Feliks Jan Szczęsny Morawski (15 May 1818, in Rzeszów – 10 April 1898, in Stary Sącz) was a Polish historian, writer, painter and ethnographer.

Biography 

He studied painting with Jan Maszkowski in Lwów. Then, from 1839 to 1841, he attended the Academy of Fine Arts in Vienna. After returning to Lwów, he was appointed Curator of the art collections at the Ossolineum. During this time, he travelled throughout Galicia, drawing historical sites and objects. Later, he painted portraits and genre scenes, as well as some religious works. This included a depiction of the Holy Trinity at the  in Rzeszów.

Among his first writings were numerous articles and entries for the 28 volume set of Orgelbrand's Universal Encyclopedia, published from 1859 to 1868.

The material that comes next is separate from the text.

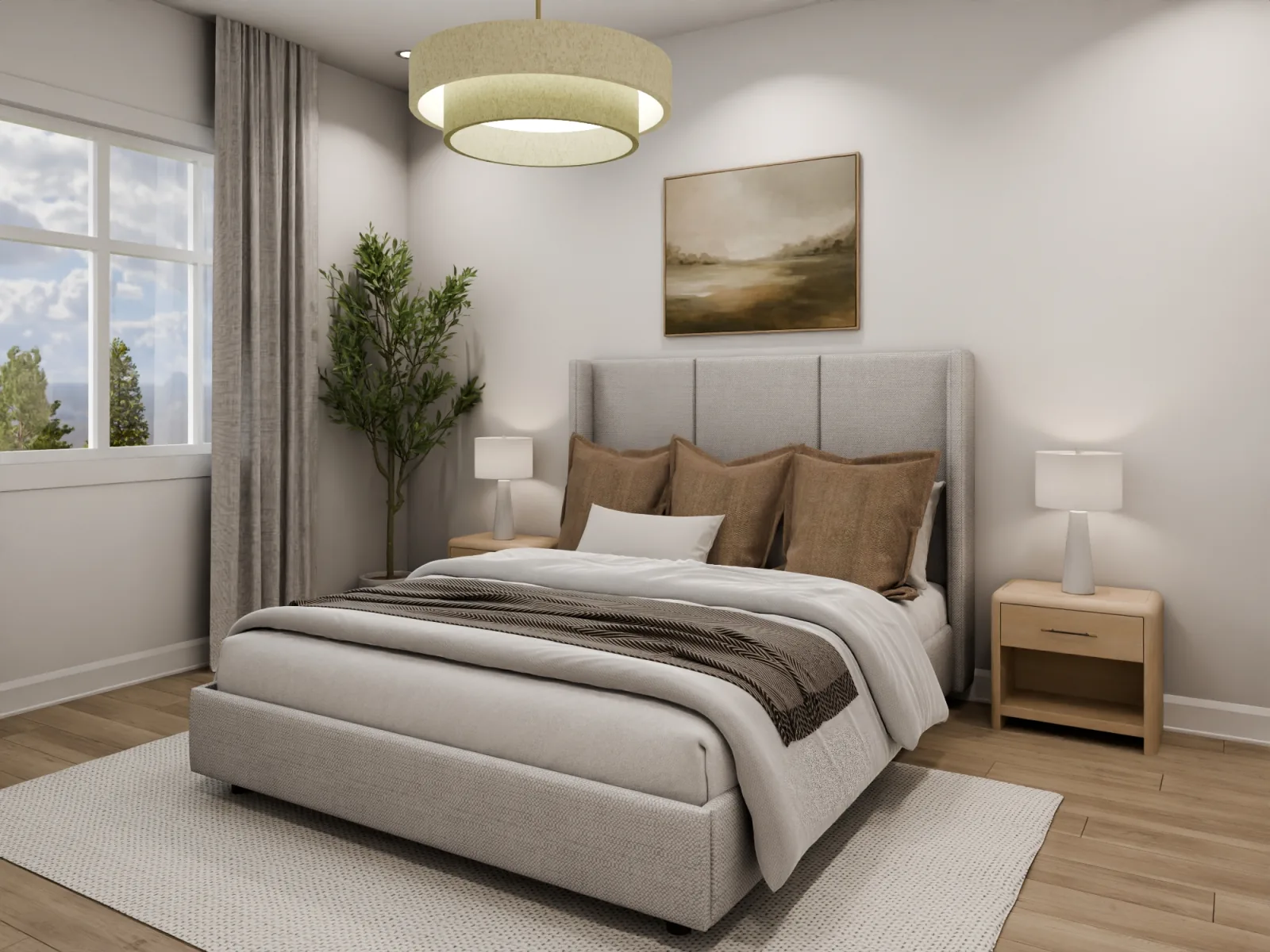 A third bedroom completes the upper floor, ready for a nursery, a guest, or a desk by the window.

He also wrote dissertations on art, history and antiquity. His first monograph was on Stary Sącz: Sądecczyzna and was a fundamental source of information for researchers of the region. His other best known work was an historical novel, about the Bar Confederation. Some of his other titles are; Arianie polscy (Polish Arians), concerning the fate of the Polish Brethren, Pogórze Karpackie (The Carpathian Foothills), Pra-Sławianie i pra-Łotwa (Pre-Slavs and Pre-Latvians), Świat boży i życie na nim (God's World and Life on It), and Wyrazy fenickie w mowie polskiej (Phoenician Words in Polish Speech).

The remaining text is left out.